Vegan vs. Plant-Based

"Vegan" is being bandied around the internet recently, which means the movement is spreading like wildfire. But because it's been catapulted into the mainstream with such velocity, it's starting to cause confusion. What is veganism? What is plant-based? Are they the same thing? No.

Vegans follow the philosophy that rejects the commodity of sentient beings and it's values are rooted in empathy, compassion, and consideration for all beings. Veganism is rooted in both ethics and politics and rejects the use of animals as 'things' to be used by the human race. This includes meat and dairy but also extends to other areas of life – skincare, clothing, supplements, cleaning solutions, drinks, art supplies, feminine hygiene, even sex – the list goes on.

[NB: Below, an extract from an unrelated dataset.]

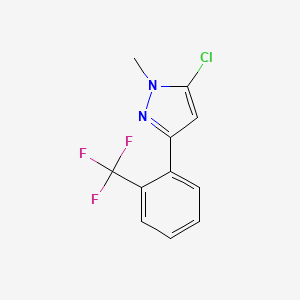 molecular formula C11H8ClF3N2 B13701389 5-Chloro-1-methyl-3-(2-(trifluoromethyl)phenyl)-1H-pyrazole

This can sound daunting at first but once you start building a mind-map of what to look out for, it's easy as pie... delicious vegan pie.

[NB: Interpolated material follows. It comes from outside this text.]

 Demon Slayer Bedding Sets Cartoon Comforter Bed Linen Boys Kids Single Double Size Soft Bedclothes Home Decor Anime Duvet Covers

Some common ingredients to look out for when transitioning to a vegan lifestyle:

gelatine (skins and bones of animals)
carmine (red colouring derived from crushed beetles)
casein (animal milk proteins)
collagen and keratin (slaughterhouse proteins)
lactose (sugar extracted from animal milk)
lard and tallow (animal fat)
whey (milk-based by product of cheese)

Where veganism is a lifestyle choice, plant-based is a diet. A plant-based meal would be considered vegan, but someone who is plant-based is not necessarily a vegan. They may wear leather, take gelatine supplements, or wear makeup tested on animals. Where veganism is a way of life, plant-based is purely dietary and extends only to the table.

It can also be said that something that is vegan is not plant-based. While an Oreo is vegan (containing no animal derivatives), it would not be considered plant-based because it doesn't resemble a plant. A plant-based diet is usually comprised of whole-foods, fruit, and veg. It's a healthier, more natural diet that perhaps would reject confectionary like the Oreo.

Vegan and plant-based are not interchangeable, but they do both stem from similar ethics. It's important to know the difference if you are transitioning to a vegan or plant-based lifestyle, or if you're just a whole lot of confused about this whole thing!